Allo stesso modo Vieri non è mai stato un attaccante che ha fatto della tecnica la sua cifra, non era un bomber come Benzema, in grado di fare gol ma anche cucire il gioco con la squadra, quanto piuttosto un numero nove più classico, esplosivo in progressione, in grado di segnare sul filo del fuorigioco ma anche con il tiro della distanza, abile di testa e in grado di far salire la squadra come boa, in caso di necessità. Un attaccante che necessitava di esprimere la propria fisicità per rendere al meglio.

Non so quanto Jake La Furia sarebbe contento di essere paragonato a Vieri, lui, milanista accanito, accostato ad uno dei giocatori più iconici dell’Inter, ma è anche vero che la fama di Bobo è così trasversale che forse si farebbe solo una risata.

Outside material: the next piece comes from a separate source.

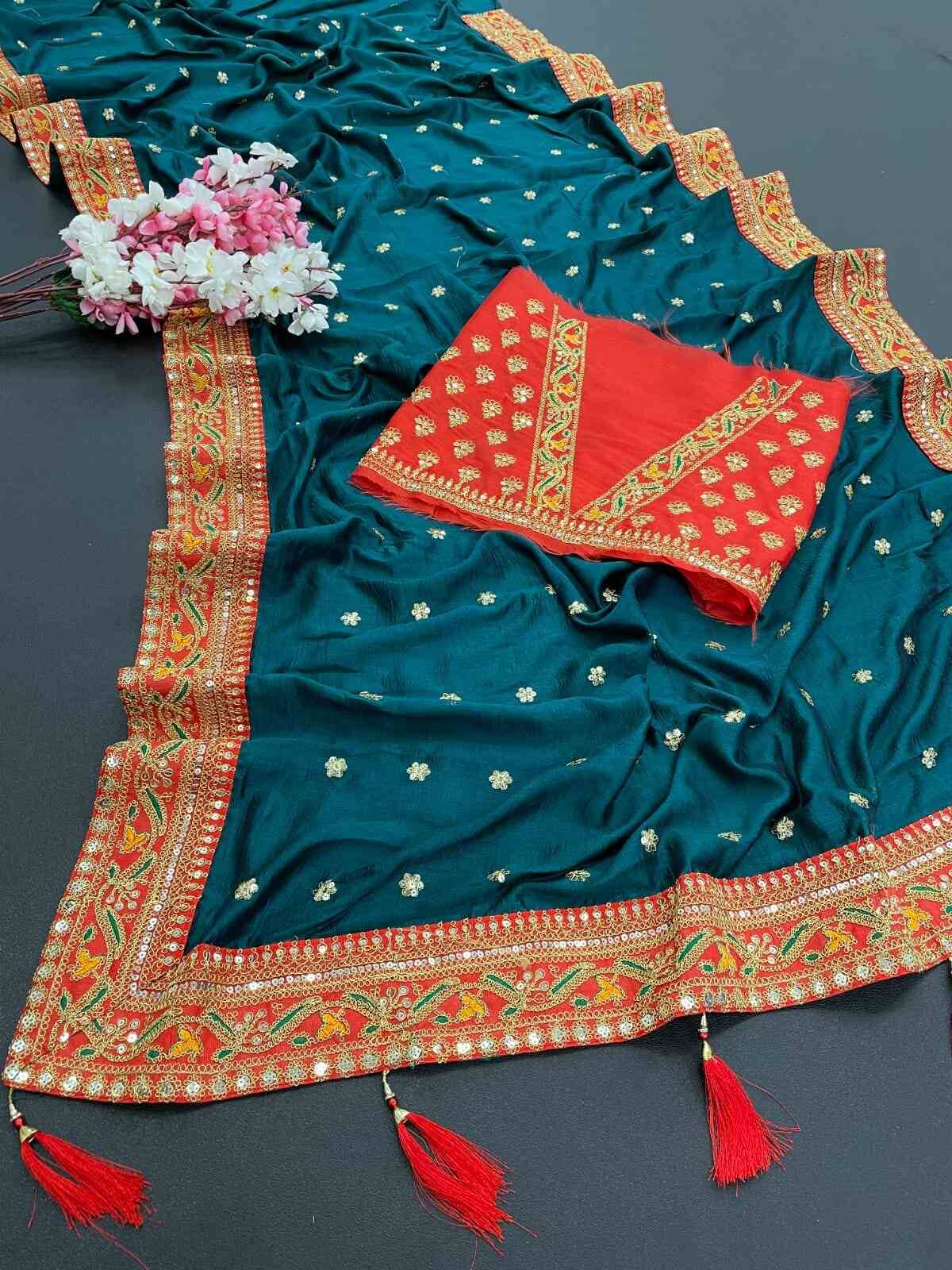 Shree Shyam Fashion Art Silk Embroidered Bhagalpuri Saree With Unstitched Blouse Piece ( Rama ) Shree Shyam Fashion Art Silk Embroidered Bhagalpuri Saree With Unstitched Blouse Piece ( Rama )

Di certo lui non rientra nell’immaginario bomberistico di cui si parlava in precedenza, per quanto abbia dimostrato di essere nella sua tazza di the anche in quel tipo di mondo e di riferimenti, non ha il physique du role, ne è mai stato al centro del gossip nostrano al contrario, per esempio del suo ex compagno di gruppo Gué Pequeno – finito sulle copertine di tutto i tabloid per la storia con Nicole Minetti.

Di Jake La Furia nella vita privata non si sa nulla, sappiamo che è sposato e ha dei figli, ma non li ha mai mostrati pubblicamente e non ha intenzione di farlo. Questo di per sé lo rende un alieno rispetto a tanti colleghi, che invece basano la propria costruzione di identità artistica attorno allo sbandierare le proprie attività private. Ma questo non è importante per lui, ne gli interessa dare in pasto chi lo circonda a quel mostro che è la fama.

La caratteristica che più di ogni altra ha contraddistinto il percorso di Jake La Furia post Club Dogo, è stata quella di decostruire pezzo per pezzo l’immagine che i fan avevano di lui: dalle partecipazioni ai programmi tv, alle hit reggaeton, ai featuring improbabili, fino a dischi solisti mai all’altezza delle aspettative – eccezion fatta (?) per 17 – tutto sembra essere stato fatto per demolire l’immagine che i suo follower avevano di lui.

E ancora ad oggi, nonostante siano passati quasi otto anni dal momento di stop delle attività dei Dogo, è ancora difficile digerire questo mutamento così radicale nella sua figura. Nonostante questo per lui è sempre stato fondamentale rimanere fedele prima di tutto a se stesso e alla sua voglia di cambiare e mettersi in gioco, tanto che in un brano di Keta Music 3, Street Movie, afferma fieramente: 

Ho fatto un’altra hit reggaeton perché mi piace cagarvi il cazzo

Una dichiarazione di intenti molto esplicativa che conferma come per lui non sia importante fare contenti gli altri ma fare quello che si vuole, sempre e comunque, anche a costo di risultare antipatico, o di deludere chi ti ha seguito fino a quel momento, perché nessuno delle persone che scrivono o giudicano sono mai stati nella posizione in cui sei tu.

Deludere le aspettative sembra essere per stato per Jake, come per Bobo, un modo per rimanere fedele a se stesso, senza dover rispettare i canoni che gli altri avrebbero voluto rispettasse.

Una mentalità che negli anni gli ha fatto guadagnare un rispetto universale indipendente da quello che fa, tanto poi bastano poche barre di un suo qualsiasi featuring in cui decide di impegnarsi, per rimettere tutto nella giusta prospettiva.